Angry CC Rant
Adobe and my computer have conspired to derail my wedding plans.
Many years ago, I received Adobe CS 3 Web Premium from my mother as a gift. I used it for years for school, small personal projects, doodles, and other such little things. Now, as I am finally planning my wedding, I intended to use my beloved old software to make invitations, design my dress, etc. (while I am not creatively employed, I enjoy craft). Unfortunately, some time ago, my hard drive crashed, losing everything on it. When I bought a new hard drive, I had to reinstall all my programs. While the old CS3 activation servers had been shut down, Adobe had kindly offered a download of a new installer which would allow the user to install it and then trade their old serial number for a new one which would allow them to complete the setup without need of the activation servers. I did this back in October and was perfectly content with the setup.
In December, I upgraded my decade-old computer (new motherboard, GPU, and an SSD to go with the hard drive - figured I should replace components before they went the way of the old hard drive and crashed on me). As everything was moved over, it upset the previous installation of Adobe and it asked me to activate it again. Well, foolishly trusting as I was, I didn't write down that magic "no activation servers" number, as I assumed that if I ever needed it again, I could simply return to Adobe's website and input the old one from the back of my CS3 box.
Ha.
Ha ha.
Ha ha ha ha ha.
Adobe realized there were people like me who loved their old programs and were perfectly content with not updating to the "latest-and-greatest" Creative Cloud subscription nonsense (personally, I'd be happy with things as old as Photoshop 7 and Illustrator 8; I tend to find a lot of the new itterations have added nothing of use to me). They took away the download of the new activation-free installer and the code-trading input. I still have the installer package for the no-server programs (it survived the hard drive migration just fine), but without the no-server activation code, it is useless. Now, the software which had a perpetual license has NO license! Adobe has essentially stolen the program from me!
I understand that the program set is over a decade old, but they are still good, functional programs. Shoot, I have programs from the 90s installed on my computer. Some run with only minor hiccups despite being installed from the original CDs meant for twenty-year-old operating systems. Some have to be run under DOSbox, tricking the program into thinking it's on an ancient machine. And some I did pay for through GOG, for someone more knowledgeable in computers than I to make them play nicely with modern operating systems (but I only paid for the patch once, not as a subscription for someone to continue to patch a functional program with nifty little whizbangs that don't do anything for me).

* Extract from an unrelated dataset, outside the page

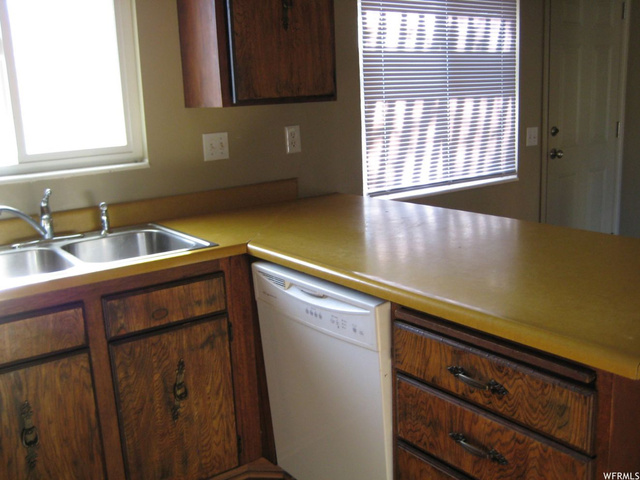 270 E 1250 N, Layton, UT 84041 — photo 7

I do not want anything to do with the CC subscriptions; software is a product, not a service, and once purchased it should remain the property of the buyer until they choose to sell or dispose of it. As I said, I find most version updates to Adobe software highly itterative, and thus paying to upgrade yearly is pointless when the old version was perfectly fine and therefore upgrading is a senseless waste of money. CS3WP was $1,600 new; the CC suite is $600 annually, which means that within three years it will have cost more than CS3 did, but I still don't actually own the software. This is like renting an appartment for $800 a month but you will never own it versus buying a house and paying $1,000 a month in mortgage, but you own the home. Perhaps for big design firms who actually need the latest annual updates, it makes more sense to subscribe for $600 per year than to buy and own for $1,600 per year (just like renting makes sense for those who intend to move soon, but not for those who wish to stick around), but for someone like myself who is content with the features introduced and stabilized a decade ago it does not. Ten years of CC would total up to $6,000, almost four times what the program cost to buy once!

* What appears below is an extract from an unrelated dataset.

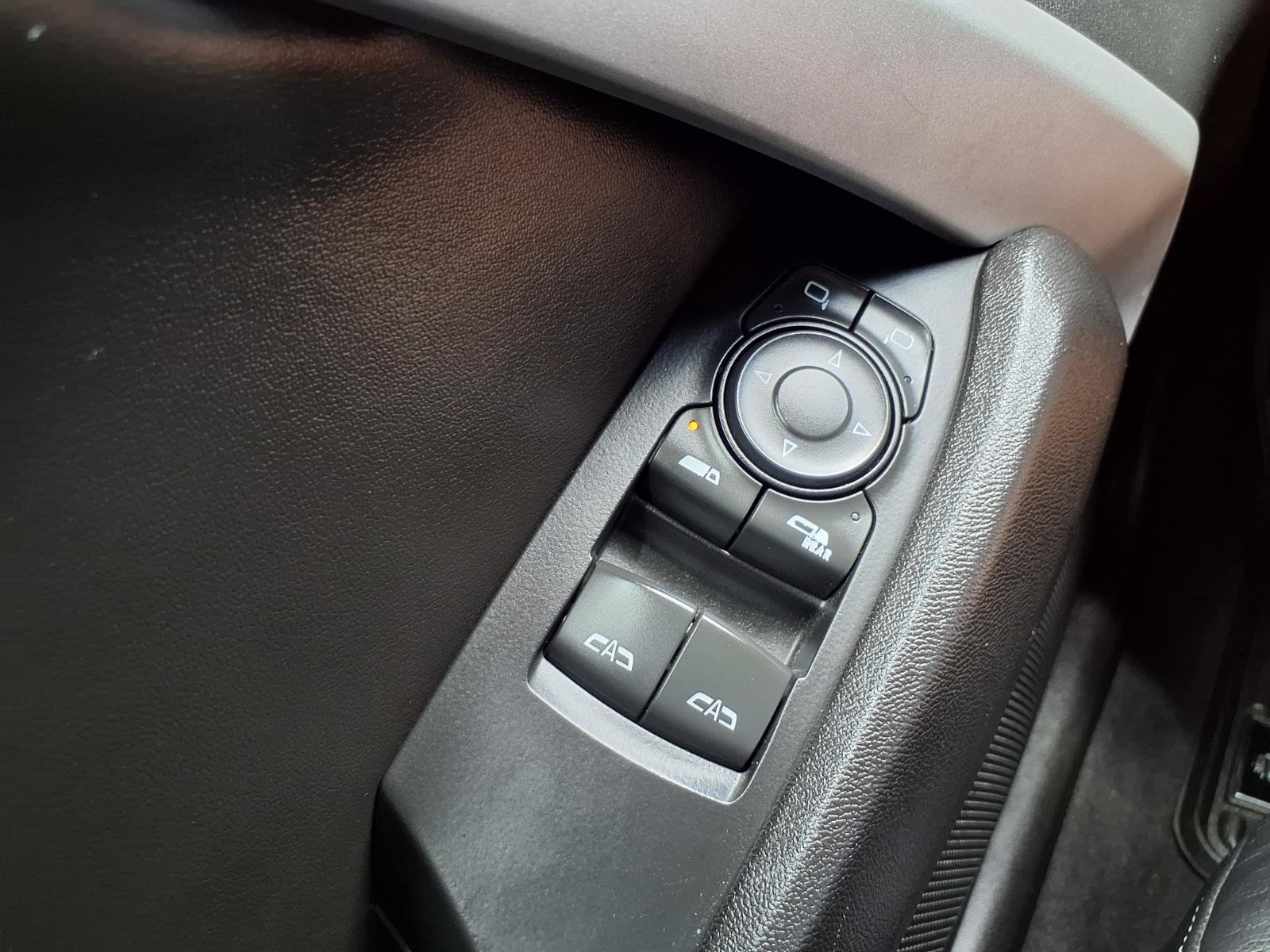 Used 2018 Chevrolet Camaro SS RWD image 11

I don't want anything special; I just want what is mine. I want to use my old programs to create sweet little .png files to send to a printer or to show online. I don't want to be locked into a perpetual cycle of "pay to continue accessing the software you bought". If Adobe wants to offer the CC as an option to those who it makes sense for, that's perfectly fine and good; they should have that option. But those of us who purchased and are content with our purchase should not be forced into a contract that we are not content with! It's as absurd as mandating that no one may buy houses; everyone must rent. Software which was duly paid for should be granted its perpetual license.
TL;DR: Adobe is full of greedy, money-grubbing pigs who want to force all consumers to pay to upgrade annually rather than enjoy an old, functional program that they paid for in perpetuity.